Eikaiwa schools seem to serve some students fairly well.  Ms. P used to take Nova lessons several times a week after a trip to Walt Disney World in Florida five years ago inspired her to try to learn so she could talk to the people she meets on her travels.  “When I started I couldn’t say much beyond ‘Hello’, ‘Excuse me’, and so forth.  But now when I go on an overseas vacation I can enjoy talking with the locals and the other tourists.”  

But not all students are as satisfied.  Akiko spent about five years at Nova also, taking one or two lessons a week.  During that time she took the TOEIC (Test of English for International Communication) twice, three years apart.  Her score was the same each time.  But late last summer she moved to a different division of her company in which she has to work with foreigners, mostly in English, quite frequently.  After about five months of this she took the test again, and this time her score was twenty-five points higher.  “Five months at my current job, using English every day, has improved my English ability more than five years at Nova did.”

For Ms. H, another former student, “The most mysterious thing about the eikaiwa schools is this: why, when we are spending so much money and time studying at these places, can’t we all speak English?”  Well, for every student the answer might be different, and the situation at every school is not identical either.  I’ll let the readers draw their own conclusions from what I’ve seen and heard.  

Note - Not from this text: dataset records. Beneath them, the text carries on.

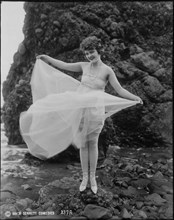 Actress Phyllis Haver, One of Mack Sennett's Bathing Beauties, Portrait in Flowing Bathing Suit at Beach, circa 1920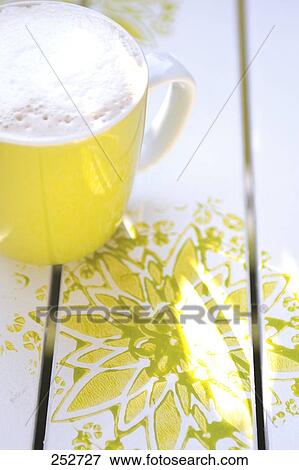 Stock Photo - High angle view of a cup of coffee . Fotosearch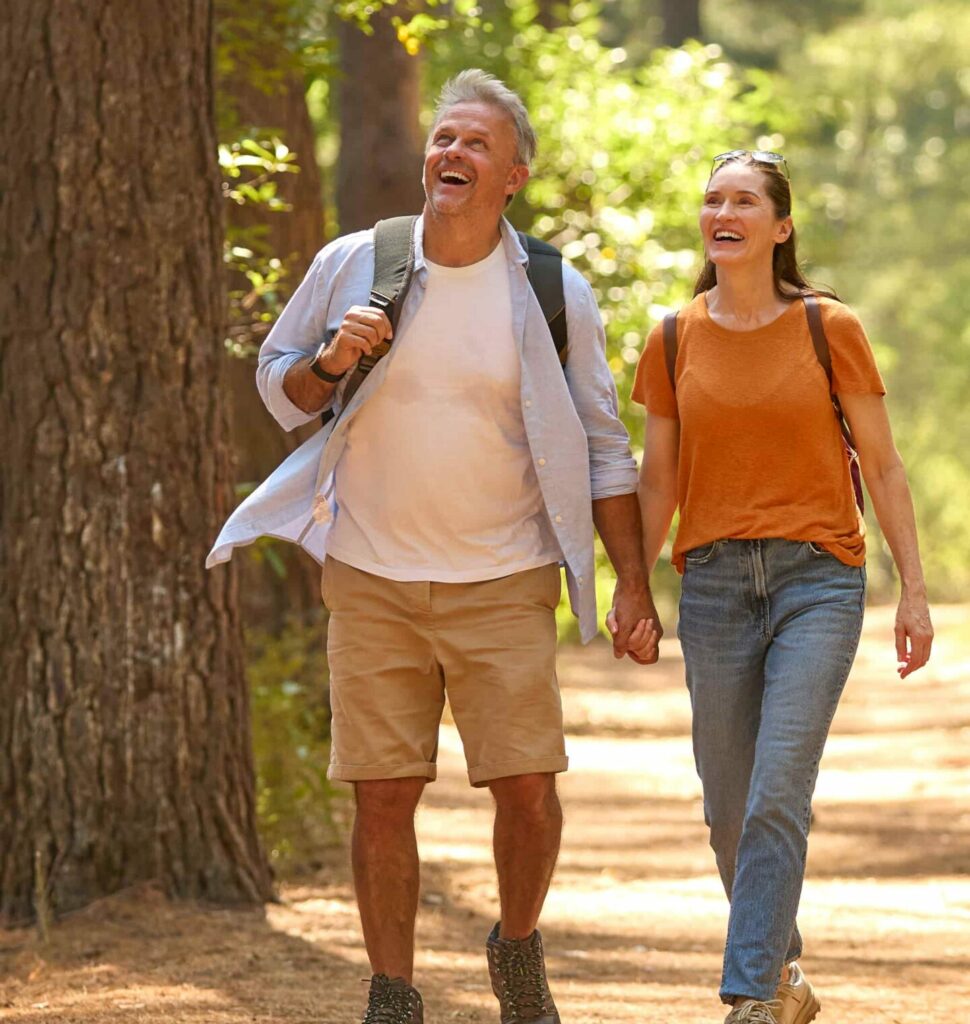 Senior Retired Couple Holding Hands Hiking Along Trail In Countryside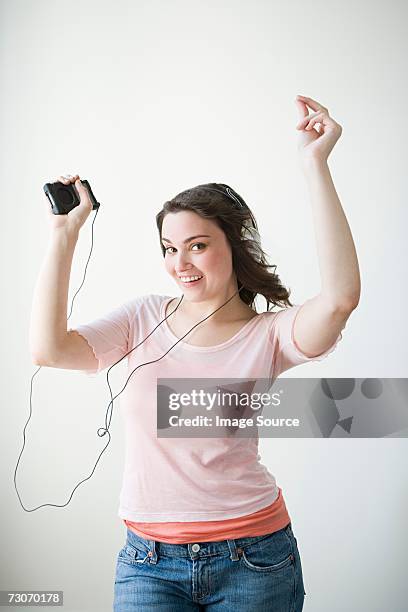 young woman listening to music - met de vingers knippen stockfoto's en -beelden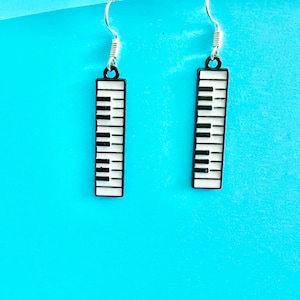 May include: A pair of silver earrings with black and white piano key charms. The earrings are hanging against a bright blue background.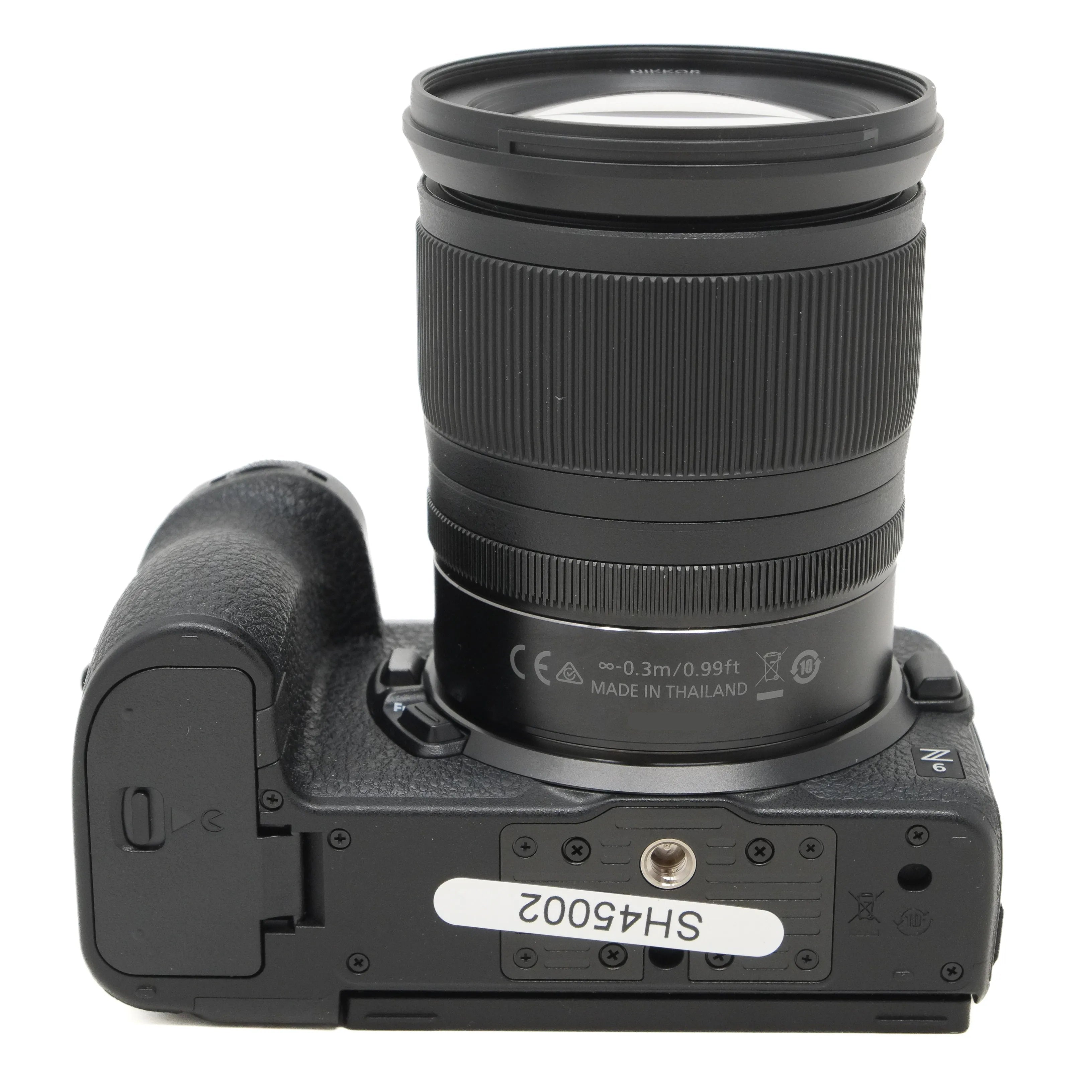 Camera body with lens on a white background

The job did have its rewards for me.  I remember once coming back to work after lunch and passing a young man signing in at the counter.  I took a second look, and remembered that when I first met him he was just thirteen years old, and could barely say more than “Hello” and “How are you?”  Now, six years later, he was able to express himself quite fluently in English.  He was hoping to do part of his university education overseas, and I was confident that he had the linguistic means to do so.  I felt pretty good about being part of the reason he was in a position to pursue his ambitions.